Rest in Peace, Robert Schneck (1948–2023)
Lower Manhattan community leader Robert Schneck passed away earlier this month, according to Monday’s edition of the Broadsheet. A poet and photographer who advocated for issues ranging from rent reform to the preservation of Rector Street’s pedestrian bridge, Schneck was also determined to bring solar electricity to underdeveloped regions in Africa as well as other ways to live energy-efficiently. He was 75.
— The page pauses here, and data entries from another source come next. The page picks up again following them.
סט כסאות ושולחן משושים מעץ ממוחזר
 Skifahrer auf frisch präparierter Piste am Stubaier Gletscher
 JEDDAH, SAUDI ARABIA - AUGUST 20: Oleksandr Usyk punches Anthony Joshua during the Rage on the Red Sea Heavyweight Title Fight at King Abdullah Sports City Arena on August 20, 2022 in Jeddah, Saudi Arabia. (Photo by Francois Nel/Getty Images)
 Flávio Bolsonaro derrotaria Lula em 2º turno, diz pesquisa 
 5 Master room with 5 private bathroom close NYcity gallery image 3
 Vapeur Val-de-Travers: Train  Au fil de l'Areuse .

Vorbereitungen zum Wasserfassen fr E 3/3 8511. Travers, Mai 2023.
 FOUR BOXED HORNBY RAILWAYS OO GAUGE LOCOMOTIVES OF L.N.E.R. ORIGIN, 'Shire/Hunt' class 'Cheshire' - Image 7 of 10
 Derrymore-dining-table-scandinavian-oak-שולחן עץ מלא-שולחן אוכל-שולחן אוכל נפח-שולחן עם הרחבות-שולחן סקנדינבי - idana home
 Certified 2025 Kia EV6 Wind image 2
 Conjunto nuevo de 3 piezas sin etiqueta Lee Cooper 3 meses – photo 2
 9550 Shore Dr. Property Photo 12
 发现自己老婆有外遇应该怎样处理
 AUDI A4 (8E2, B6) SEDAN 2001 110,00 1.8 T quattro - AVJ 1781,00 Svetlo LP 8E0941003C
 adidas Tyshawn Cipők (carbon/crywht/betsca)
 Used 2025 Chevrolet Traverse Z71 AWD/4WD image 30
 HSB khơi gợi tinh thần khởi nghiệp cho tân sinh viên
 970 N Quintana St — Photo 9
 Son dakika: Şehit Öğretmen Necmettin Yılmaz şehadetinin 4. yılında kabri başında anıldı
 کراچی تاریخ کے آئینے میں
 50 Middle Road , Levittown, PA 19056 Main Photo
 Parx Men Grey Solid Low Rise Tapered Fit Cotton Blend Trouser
A member of Community Board 1 since 2011, Schneck began his background in grassroots advocacy decades ago — working at the Teacher Corps in Washington, D.C., in addition to building schools overseas with the Peace Corps. He had eventually turned his focus to developing eco-friendly homes with his “passive house” innovation, a residential unit that “uses 90 percent less energy than a traditional home,” according to the Broadsheet, and “generates itself what little power it uses, and was constructed for less than the cost of similarly sized ordinary homes.”
More from the Broadsheet:
He leveraged this into advocacy for adopting the passive house standard for new construction in New York, which was eventually incorporated into designs for the Bloomberg Center, the Cornell University outpost on Roosevelt Island.
“Bob Schneck was a man on a mission,” friend Robin Forst told Broadsheet. “Whether he was fighting to preserve the Rector Street Bridge or bringing the passive house standard to New York, he was a tireless advocate. He, along with his partner, Cora, was a regular at all things community . . . We applaud his energy and dedication to making Battery Park City the wonderful place it is.”